Pero el daño no sólo es financiero sino de rumbo académico, no pudo sacar adelante un proyecto académico y no constituyó políticas de mejora de los indicadores de calidad y productividad de la universidad. Pero el mayor daño que le hizo a la UNACH está en la entrega que le hizo al sindicato del manejo y administración de la contratación y la promoción del personal académico, decisión que convirtió la vida académica en clientelismo político y que resulta violatoria a las disposiciones contenidas en el párrafo VII del artículo 3º de la constitución mexicana.

La herencia de Carlos Eugenio Ruíz Hernández en la UNACH es la mediocridad y la corrupción, como rector permitió la reducción del presupuesto de la universidad y fue incapaz de exigir al gobierno del Estado el cumplimiento de sus obligaciones presupuestales convenidas con la SEP. A la fecha, el gobierno de la entidad tiene un adeudo aproximado de 400 millones de pesos, pero la deuda de la UNACH es de mil 500 millones de pesos.
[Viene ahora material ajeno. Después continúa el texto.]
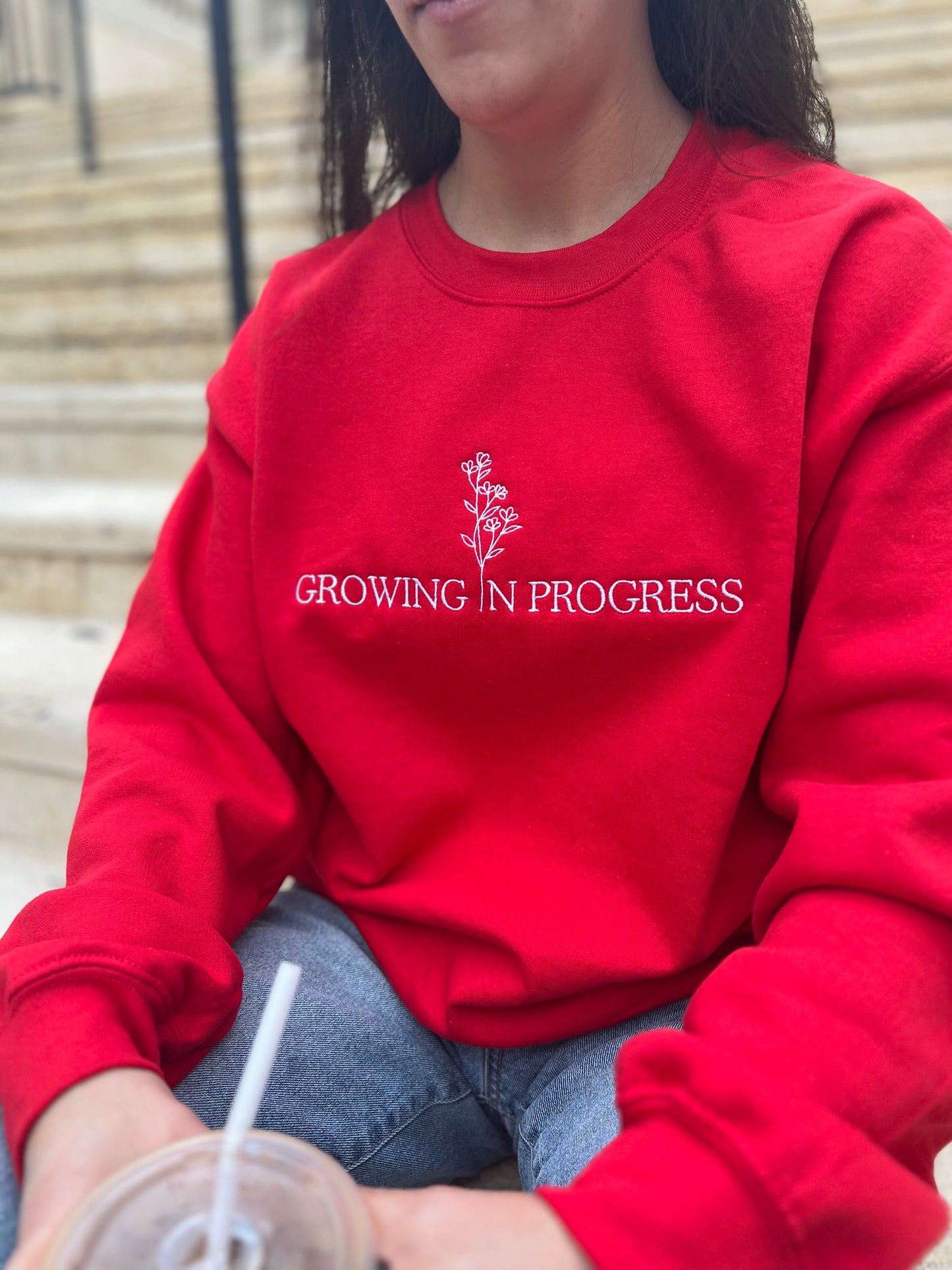 Growing in Progress Embroidered Red Crewneck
El Dr. Carlos Eugenio es un buen hombre, pero no entiende el mundo académico. No tiene ninguna autoridad para conducir un proyecto universitario, por ello su designación fue uno de los errores más garrafales y significativo, pues puso en claro que la universidad no tiene ninguna importancia para el gobernante chiapaneco.

Lo extremo en la universidad es que el poder no está en las manos del rector sino en un personaje ajeno a la institución: Jesús Agustín Velasco Siles, tío del gobernador de Chiapas, quien tiene un nivel de influencia aún mayor con Rutilio Escandón que con su propio sobrino, situación que lo inmuniza en el manejo de los hilos sucesorios de la universidad.

El tío Jesús Agustín no quiere destetarse de la UNACH y juega la sucesión de la rectoría con varios candidatos internos y externos, quienes con gran cinismo y aprovechándose de la falta de memoria se prestan al manipuleo de la información. La importancia de la UNACH para Jesús Agustín Velasco no es la mejora académica sino mantener el control de la Fundación UNACH, lo que le permite obtener recursos a través de donaciones a nombre de la universidad, pero que no ingresan a la universidad, mismos que son  manejados por él sin tener la obligación de rendirle cuentas a la UNACH ni al Estado.  Los recursos y donaciones que recibe la Fundación UNACH son deducibles de impuesto, por lo que a los empresarios les da lo mismo hacer donaciones que pagar impuestos al SAT.

La verdadera y única mafia que hay en la UNACH es la que está conformada por los intereses de Jesús Agustín Velasco, en donde Carlos Eugenio Ruíz Hernández es solo un títere, que resultó un tonto útil para los aviesos fines del tío del gobernador.